Networking can be even more challenging for people who have anxiety disorders. It’s important to note that there are several types of anxiety disorders, including generalized anxiety disorder, panic disorder, and social anxiety disorder. According to The National Institute of Mental Health, social anxiety disorder ‘‘is characterized by persistent fear of one or more social or performance situations in which the person is exposed to unfamiliar people or to possible scrutiny by others. The individual fears that he or she will act in a way (or show anxiety symptoms) that will be embarrassing and humiliating.” This definition originated from The Diagnostic and Statistical Manual of Mental Disorders, also known as the DSM-5.
If you have social anxiety you may feel self-conscious when networking and interacting with people in general. Self-doubt, nervousness, fear— these are just a few feelings that may come up for those with social anxiety. Know that professionals who have social anxiety can absolutely thrive in their careers. While it may be scary at first, networking when you have social anxiety is possible. I’ve come up with a list of tips for networking when you have social anxiety. Check it out below.
Have Self-Compassion
This is the most important part of networking when you have social anxiety. Make sure to give yourself grace for what you may perceive to be social slip-ups. For example, you may have forgotten what you were saying mid-sentence because you were nervous. You might have seemed rude or distant because you were afraid to socialize. You could have been so inside your head that you didn’t remember an influential person’s name or title.

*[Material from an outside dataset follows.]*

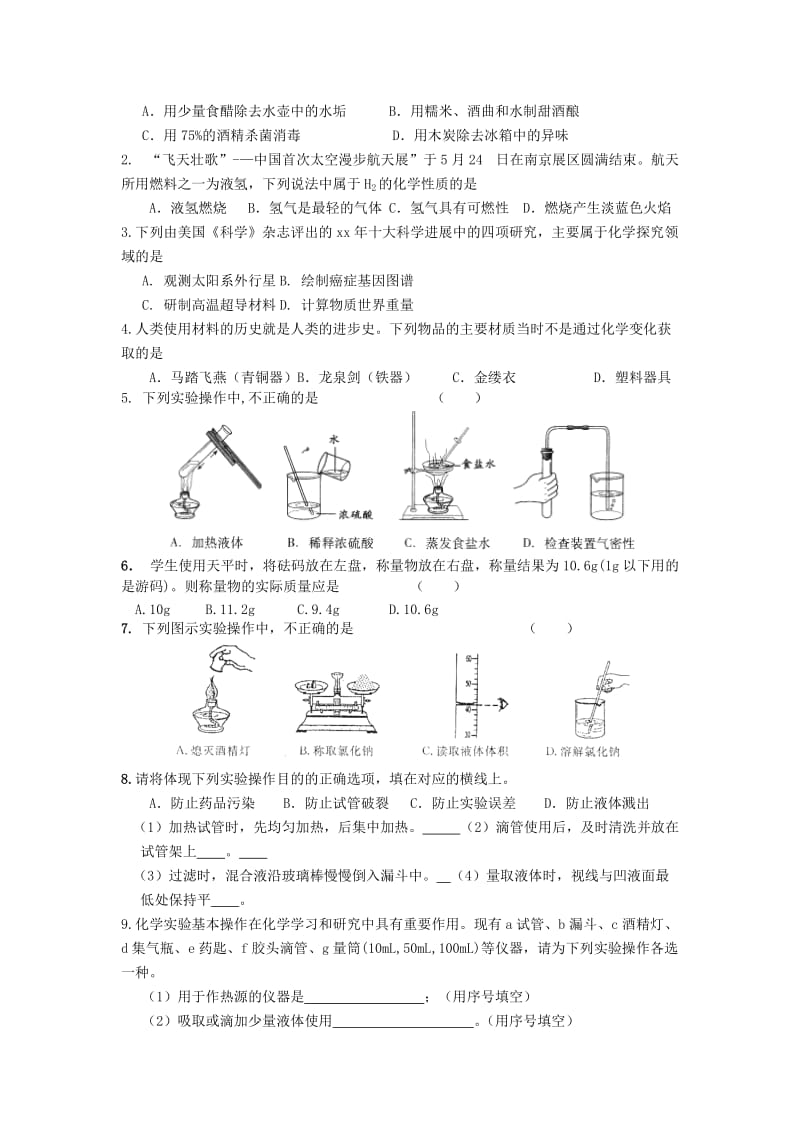 2019-2020年九年级化学上册 第1章 开启化学之门复习导学案（新版）沪教版.doc_第2页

Regardless of any perceived mistakes you’ve made, it’s crucial that you remind yourself that you are only human and that no one is perfect. The less pressure you put on yourself the better you will perform in professional settings.
Try Deep Breathing
Have you tried deep breathing and grounding techniques before and during networking opportunities? If you’re at a table with a group of people at a networking event, focus your attention on your body and wiggle your toes (keep your shoes on). Practice pausing rather than blurting things out or interrupting people because you are nervous. If you feel overwhelmed, head to the restroom to take some deep breaths.
Look around the bathroom and notice what you see. Are there paintings? Is there one that stands out to you most? If so, why does that painting stand out? This grounding exercise, where you list everything you can see around you, keeps your mind focused on the present. Networking can come with pressure to impress potential mentors and colleagues.

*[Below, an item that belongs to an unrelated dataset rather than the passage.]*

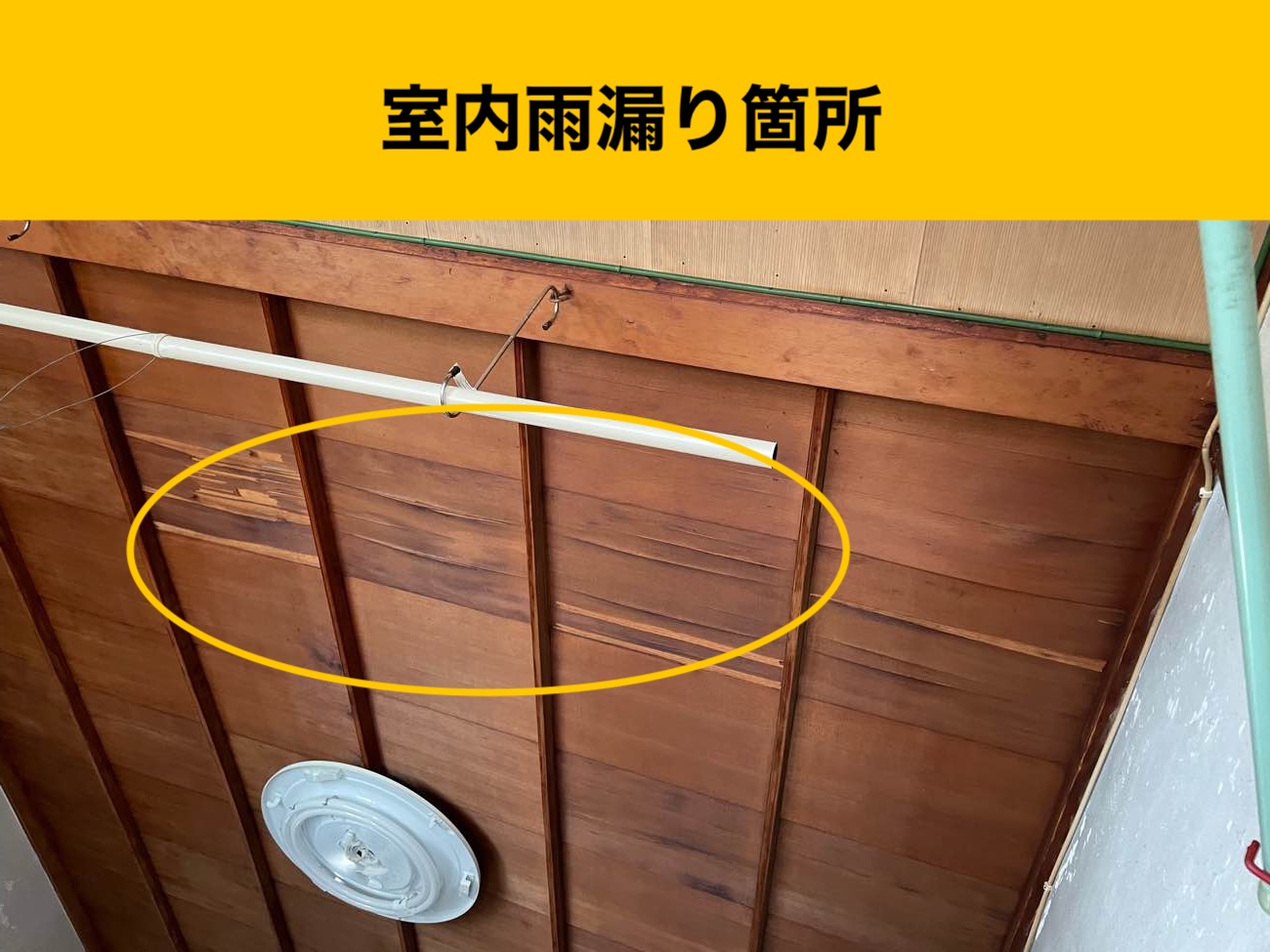 福岡市中央区の雨漏り工事、天井の雨じみ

In many professional sectors people will repeatedly see familiar faces at networking events and conferences. Try to think about the present, not anything you feel you messed up in previous interactions. Stay grounded by focusing on the present moment, not what you did or said at previous events.

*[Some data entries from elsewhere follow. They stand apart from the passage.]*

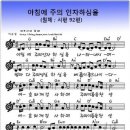 좋은씨앗주 이미지
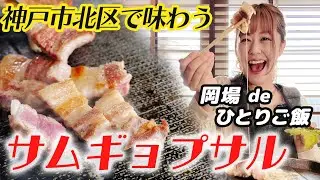 【神戸市北区のグルメ】女子に人気!!サムギョプサル専門店　ソロ飯【岡場駅】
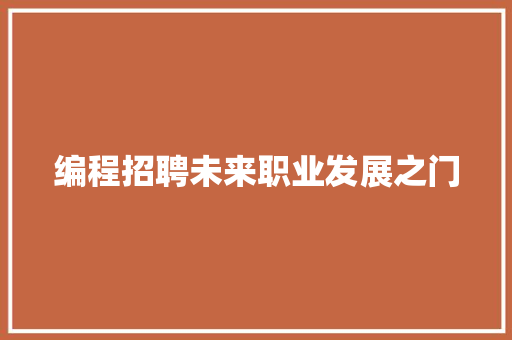 编程招聘未来职业发展之门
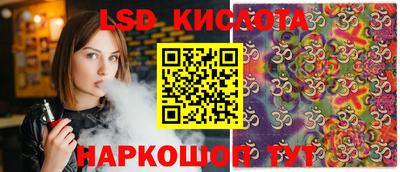 ПСИЛОЦИБИНОВЫЕ ГРИБЫ Донецк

Practice Positive Self-Talk
Positive self-talk may be more powerful than you think. If you have social anxiety and struggle with introducing yourself to people out of fear of rejection, consider writing positive affirmations on your bathroom mirror at home. Write things like “I am confident, I am brave, and I am talented.” Repeat those words in your head as you enter a room full of people you intend to network with.
Repeating mantras can completely shift your attitude prior to, during, and even after networking. Remember that while you may feel self-conscious when networking with social anxiety, you may already have the tools to succeed in your career if you have been persistent. So, keep finding mentors. Keep learning from people on LinkedIn. Never forget that you are worth being seen and heard in your professional life and beyond.